FSA

FSA: FSA stands for Flexible Spending Account.  A Flexible Spending Account is a type of savings account that allows employees to set aside pre-tax dollars to pay for eligible out-of-pocket healthcare expenses. FSAs are typically offered by employers as part of a benefits package. FinStream has produced several videos on the benefits of FSA’s.  Here’s a detailed look at FSAs:

Key Features of FSAs

  1. Pre-Tax Contributions: Money contributed to an FSA is deducted from your paycheck before taxes, reducing your taxable income.
  2. Contribution Limits: There are annual limits to how much you can contribute to an FSA. For 2024, the contribution limit is $3,050 per employee.
  3. Use-It-or-Lose-It Rule: Typically, you must use the funds in your FSA within the plan year. Some plans offer a grace period of up to 2.5 months to use the remaining funds or allow you to carry over up to $610 to the next plan year.
  4. Eligible Expenses: FSA funds can be used for a variety of healthcare expenses, including co-payments, deductibles, prescription medications, medical devices, and some over-the-counter items.

Types of FSAs

  1. Healthcare FSA: Used to pay for eligible medical, dental, and vision expenses not covered by insurance.
  2. Dependent Care FSA: Used to pay for dependent care expenses, such as daycare for children under 13 or care for a disabled dependent.
  3. Limited Purpose FSA: Used in conjunction with a Health Savings Account (HSA) and typically restricted to dental and vision expenses.

Benefits of an FSA

  1. Tax Savings: Contributions to an FSA reduce your taxable income, which can result in significant tax savings.
  2. Immediate Access to Funds: The total amount you elect to contribute for the year is available for use at the beginning of the plan year, even though you make contributions throughout the year.
  3. Convenient Payment Methods: Many FSAs come with a debit card, making it easy to pay for eligible expenses directly from your FSA.

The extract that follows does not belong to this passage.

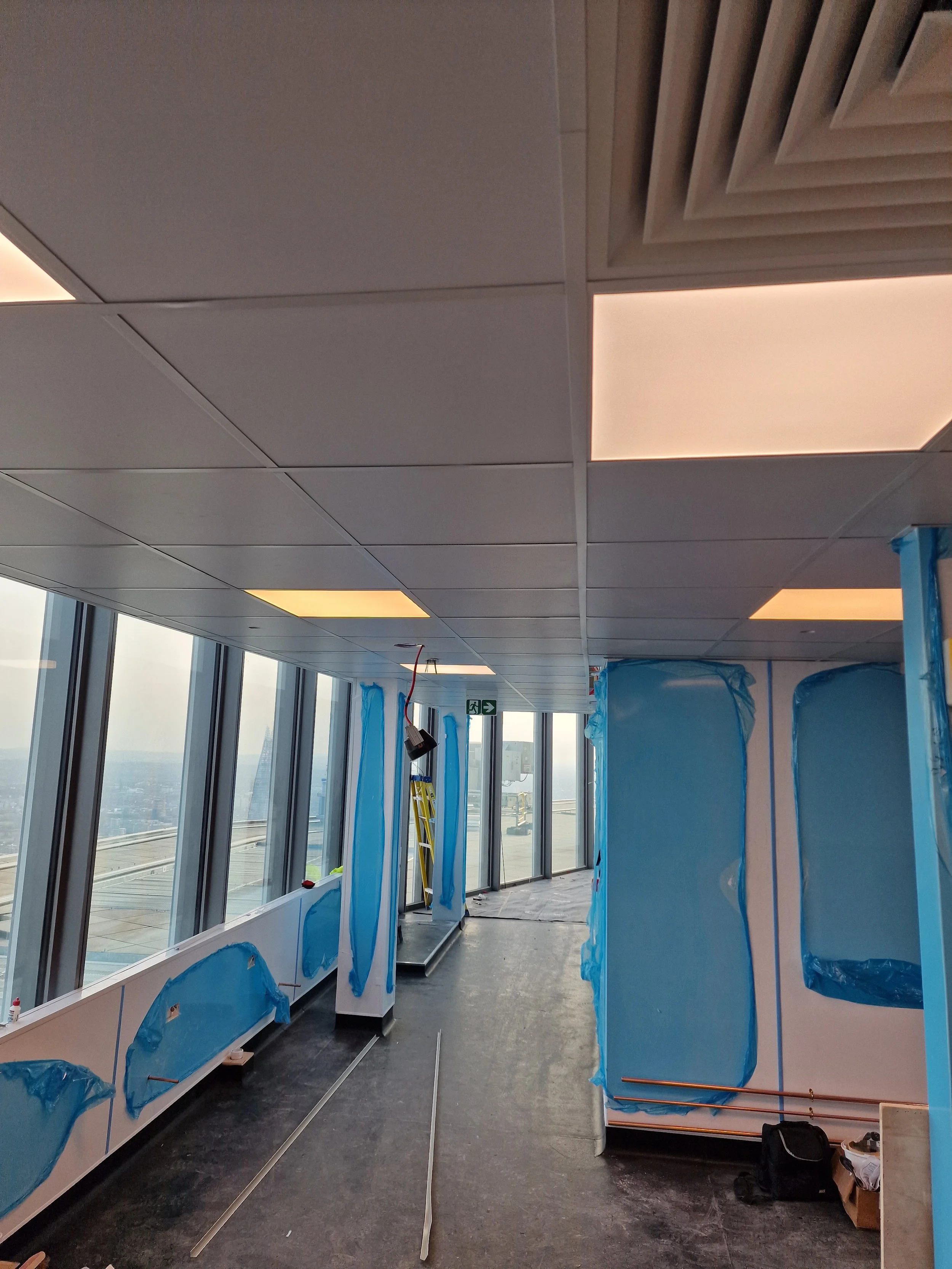 Interior of a building under construction with large windows, ceiling panels, and construction materials, including blue protective coverings on walls and fixtures.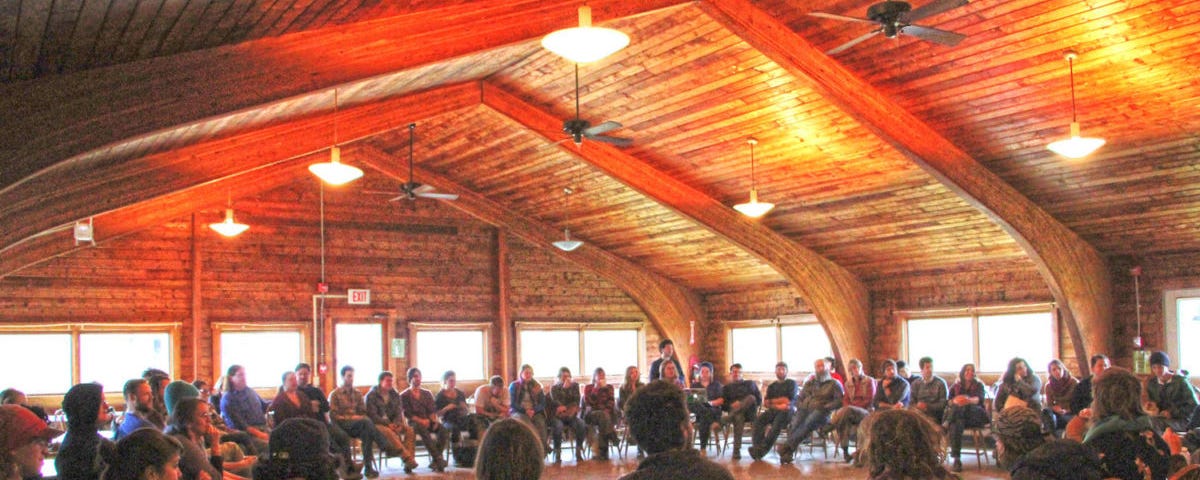 A community gathering of people sitting in a semi-circle in a large space with a high arched wooden-plank ceiling.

Considerations and Limitations

  1. Forfeiture Risk: The use-it-or-lose-it rule means you need to carefully estimate your healthcare expenses for the year to avoid losing any unused funds.
  2. Non-Transferable: FSAs are linked to your employment. If you change jobs, you typically lose access to the FSA unless you spend the remaining funds before leaving.
  3. Eligibility and Documentation: Not all healthcare expenses are eligible for reimbursement, and you may need to provide documentation or receipts to prove that expenses are eligible.

Example of Using an FSA

Let’s say you elect to contribute $2,500 to your healthcare FSA for the year. Each paycheck, a portion of this amount is deducted pre-tax, reducing your taxable income. Throughout the year, you can use your funds to pay for eligible medical expenses, such as:

  • $200 for a dental check-up and cleaning
  • $150 for prescription eyeglasses
  • $1,000 for a medical procedure co-pay

By using pre-tax dollars for these expenses, you save money that would otherwise go to federal income and payroll taxes.

FSAs can be a valuable tool for managing healthcare costs and reducing taxable income. However, careful planning is necessary to ensure you use the funds effectively and avoid forfeiting any money.